Como en la mayoría de las sociedades de la antigüedad, la población estaba dividida en dos grandes bloques: los hombres libres y los esclavos.

Dentro de los hombres libres, también se distinguían dos bloques:

los ciudadanos y los no-ciudadanos.

La mujer se consideraba que era como un menor de edad, independientemente de su condición.

Entre los hombres libres también se hacía una distinción, que consistía en que unos eran `cives' (ciudadanos) y otros `peregrini' (extranjeros).

Decir que a estos últimos se les permitía vivir en Roma, pero carecían de derechos políticos.

Básicamente, los `cives', tenían unos derechos civiles y políticos tan sencillos como: derecho a voto, a desempeñar ciertos cargos públicos, a presentar defensa contra una sentencia; derecho a contraer matrimonio, a la propiedad y el comercio, etc....

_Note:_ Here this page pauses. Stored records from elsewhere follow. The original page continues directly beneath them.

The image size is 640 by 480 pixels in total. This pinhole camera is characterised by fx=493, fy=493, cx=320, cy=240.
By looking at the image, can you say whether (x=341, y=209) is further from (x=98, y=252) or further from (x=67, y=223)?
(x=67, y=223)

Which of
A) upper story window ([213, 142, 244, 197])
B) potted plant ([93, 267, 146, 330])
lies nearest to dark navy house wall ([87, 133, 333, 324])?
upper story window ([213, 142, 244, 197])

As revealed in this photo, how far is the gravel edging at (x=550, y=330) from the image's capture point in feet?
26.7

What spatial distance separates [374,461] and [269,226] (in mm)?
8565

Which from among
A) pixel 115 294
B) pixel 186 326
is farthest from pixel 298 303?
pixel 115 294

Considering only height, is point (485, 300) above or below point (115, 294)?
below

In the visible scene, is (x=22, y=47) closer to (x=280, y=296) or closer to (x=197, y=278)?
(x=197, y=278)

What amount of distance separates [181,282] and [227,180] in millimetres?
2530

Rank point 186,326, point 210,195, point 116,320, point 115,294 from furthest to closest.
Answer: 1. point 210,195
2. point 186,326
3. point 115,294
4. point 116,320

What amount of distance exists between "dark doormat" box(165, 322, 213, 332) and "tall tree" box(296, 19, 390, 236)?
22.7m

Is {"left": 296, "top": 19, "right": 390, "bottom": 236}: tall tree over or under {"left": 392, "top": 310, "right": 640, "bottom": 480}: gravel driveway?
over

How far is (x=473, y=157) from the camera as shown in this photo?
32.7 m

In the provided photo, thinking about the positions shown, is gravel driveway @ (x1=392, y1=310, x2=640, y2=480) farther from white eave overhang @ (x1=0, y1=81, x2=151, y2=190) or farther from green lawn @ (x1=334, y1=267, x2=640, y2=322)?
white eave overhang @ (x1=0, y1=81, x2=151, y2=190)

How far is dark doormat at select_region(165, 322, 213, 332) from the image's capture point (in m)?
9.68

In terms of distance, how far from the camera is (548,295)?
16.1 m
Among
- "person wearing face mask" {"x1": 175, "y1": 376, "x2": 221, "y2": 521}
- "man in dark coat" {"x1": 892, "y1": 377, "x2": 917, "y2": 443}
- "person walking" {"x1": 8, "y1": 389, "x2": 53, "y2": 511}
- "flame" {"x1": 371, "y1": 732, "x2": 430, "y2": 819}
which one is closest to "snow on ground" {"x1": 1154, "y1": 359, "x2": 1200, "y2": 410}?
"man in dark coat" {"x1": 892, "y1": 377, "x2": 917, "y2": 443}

Bastantes de estos derechos podían ser adquiridos por nacimiento, por liberación de un esclavos, y por concesión del Estado.

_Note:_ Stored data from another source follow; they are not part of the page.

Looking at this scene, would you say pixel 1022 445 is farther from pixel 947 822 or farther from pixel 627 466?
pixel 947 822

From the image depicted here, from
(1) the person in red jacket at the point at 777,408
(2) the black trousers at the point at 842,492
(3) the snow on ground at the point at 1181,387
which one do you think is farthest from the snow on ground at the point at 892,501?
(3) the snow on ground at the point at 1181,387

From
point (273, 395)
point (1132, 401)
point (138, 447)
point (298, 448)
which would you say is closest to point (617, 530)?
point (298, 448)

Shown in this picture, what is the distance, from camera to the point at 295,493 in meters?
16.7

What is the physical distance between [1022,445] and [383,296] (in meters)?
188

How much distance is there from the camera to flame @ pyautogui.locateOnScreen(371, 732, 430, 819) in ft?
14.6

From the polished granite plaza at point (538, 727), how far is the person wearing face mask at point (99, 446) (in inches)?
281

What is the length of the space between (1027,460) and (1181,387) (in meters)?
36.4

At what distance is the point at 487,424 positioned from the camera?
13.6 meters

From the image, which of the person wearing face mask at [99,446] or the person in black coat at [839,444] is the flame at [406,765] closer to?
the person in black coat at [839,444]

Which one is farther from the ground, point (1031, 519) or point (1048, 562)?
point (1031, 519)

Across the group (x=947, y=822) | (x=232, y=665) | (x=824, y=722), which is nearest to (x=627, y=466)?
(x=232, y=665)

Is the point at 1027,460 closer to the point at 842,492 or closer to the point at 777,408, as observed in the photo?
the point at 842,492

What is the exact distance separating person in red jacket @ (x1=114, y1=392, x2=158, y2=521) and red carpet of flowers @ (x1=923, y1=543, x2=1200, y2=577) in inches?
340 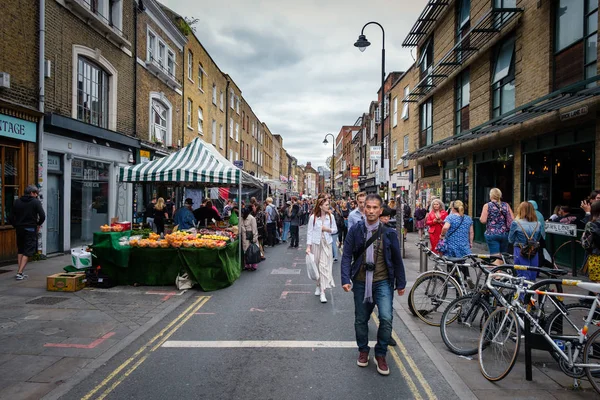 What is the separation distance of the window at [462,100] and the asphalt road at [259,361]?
12.8 metres

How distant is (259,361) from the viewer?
4.75 m

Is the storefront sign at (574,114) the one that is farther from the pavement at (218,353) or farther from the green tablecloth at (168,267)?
the green tablecloth at (168,267)

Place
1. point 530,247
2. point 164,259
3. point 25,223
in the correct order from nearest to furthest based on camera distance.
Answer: point 530,247
point 164,259
point 25,223

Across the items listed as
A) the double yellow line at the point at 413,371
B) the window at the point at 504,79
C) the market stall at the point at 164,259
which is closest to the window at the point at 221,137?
the window at the point at 504,79

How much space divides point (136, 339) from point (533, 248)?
5825mm

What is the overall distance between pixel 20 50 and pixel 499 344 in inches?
491

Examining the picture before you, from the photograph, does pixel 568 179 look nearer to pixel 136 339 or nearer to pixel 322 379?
pixel 322 379

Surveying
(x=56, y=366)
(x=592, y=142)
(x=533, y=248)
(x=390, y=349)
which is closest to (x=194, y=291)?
(x=56, y=366)

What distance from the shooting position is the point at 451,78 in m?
18.2

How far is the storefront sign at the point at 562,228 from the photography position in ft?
30.0

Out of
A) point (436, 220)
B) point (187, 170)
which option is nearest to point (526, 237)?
point (436, 220)

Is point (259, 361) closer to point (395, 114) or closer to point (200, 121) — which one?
point (200, 121)

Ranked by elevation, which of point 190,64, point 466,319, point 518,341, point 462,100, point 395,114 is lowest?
point 466,319

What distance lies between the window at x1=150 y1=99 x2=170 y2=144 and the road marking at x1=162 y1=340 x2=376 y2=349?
15744 mm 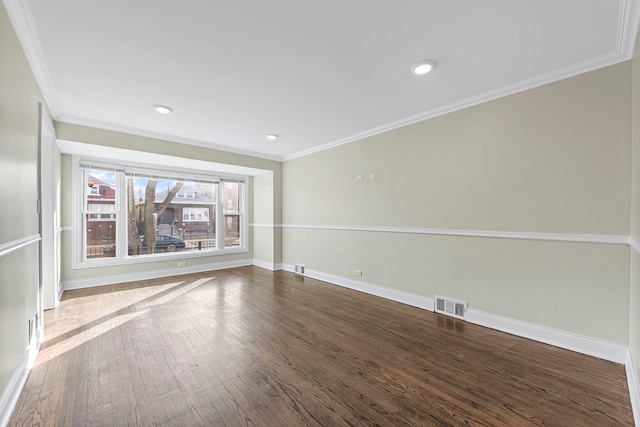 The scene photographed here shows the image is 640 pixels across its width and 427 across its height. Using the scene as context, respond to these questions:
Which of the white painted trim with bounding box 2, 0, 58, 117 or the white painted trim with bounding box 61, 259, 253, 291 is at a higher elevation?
the white painted trim with bounding box 2, 0, 58, 117

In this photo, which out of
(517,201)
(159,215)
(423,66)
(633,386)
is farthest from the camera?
(159,215)

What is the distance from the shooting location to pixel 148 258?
4.93 metres

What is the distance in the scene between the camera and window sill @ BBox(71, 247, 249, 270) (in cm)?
431

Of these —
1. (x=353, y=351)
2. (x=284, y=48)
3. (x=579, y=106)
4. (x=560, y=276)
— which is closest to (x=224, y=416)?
(x=353, y=351)

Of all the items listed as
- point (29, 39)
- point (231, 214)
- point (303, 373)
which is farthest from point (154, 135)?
point (303, 373)

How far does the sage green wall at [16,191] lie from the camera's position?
61.2 inches

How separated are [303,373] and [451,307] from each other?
2.01 meters

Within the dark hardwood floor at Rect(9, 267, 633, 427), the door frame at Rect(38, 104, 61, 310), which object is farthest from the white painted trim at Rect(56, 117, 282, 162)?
the dark hardwood floor at Rect(9, 267, 633, 427)

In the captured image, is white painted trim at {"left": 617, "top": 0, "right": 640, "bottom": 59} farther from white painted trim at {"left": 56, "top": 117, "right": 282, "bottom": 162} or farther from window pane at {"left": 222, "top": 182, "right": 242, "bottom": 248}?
window pane at {"left": 222, "top": 182, "right": 242, "bottom": 248}

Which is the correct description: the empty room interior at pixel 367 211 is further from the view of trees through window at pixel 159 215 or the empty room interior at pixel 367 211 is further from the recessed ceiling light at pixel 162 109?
the view of trees through window at pixel 159 215

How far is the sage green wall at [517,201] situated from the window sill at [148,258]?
3.35 meters

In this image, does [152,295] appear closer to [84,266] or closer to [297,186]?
[84,266]

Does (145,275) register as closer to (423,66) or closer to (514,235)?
(423,66)

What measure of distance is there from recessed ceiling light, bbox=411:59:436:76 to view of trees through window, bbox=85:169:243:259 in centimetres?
478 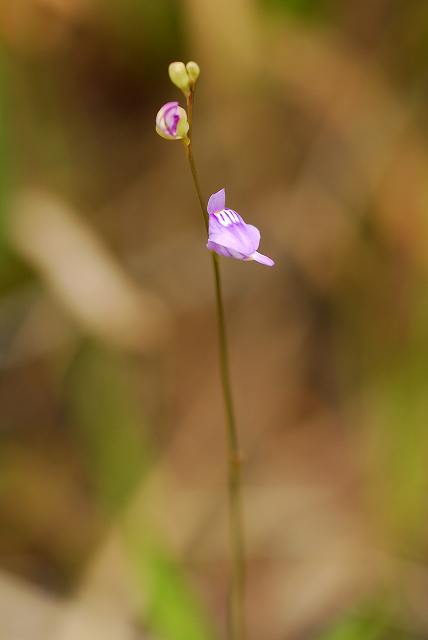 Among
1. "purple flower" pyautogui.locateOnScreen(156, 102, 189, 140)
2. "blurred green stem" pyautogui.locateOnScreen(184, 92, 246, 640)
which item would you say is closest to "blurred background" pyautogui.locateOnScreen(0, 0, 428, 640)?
"blurred green stem" pyautogui.locateOnScreen(184, 92, 246, 640)

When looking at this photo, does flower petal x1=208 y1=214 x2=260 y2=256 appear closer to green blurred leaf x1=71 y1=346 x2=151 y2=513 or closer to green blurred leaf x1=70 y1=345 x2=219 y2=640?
green blurred leaf x1=70 y1=345 x2=219 y2=640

Tanto podían dotarte de ellos como arrebatártelos.

Los ciudadanos se dividían en patricios y plebeyos.

Los primeros eran los que podían considerarse puros en parte, pues descendían de los primitivos romanos, y forman la aristocracia.

Los plebeyos proceden de la anexión de los pueblos sometidos por Roma, y forman la mayoría de la población de ésta.

Tras muchas luchas, los plebeyos logran la igualdad de derechos civiles ayudando en parte que el ejército estuviese formado por la plebe.

Tras más luchas, consiguen la total igualdad de derechos por lo que ya se podía aspirar a tener cargos políticos.

Otra categoría a comentar eran los llamados `clientes' (se incluyen dentro de los hombres libres) que eran ciudadanos que “motu proprio”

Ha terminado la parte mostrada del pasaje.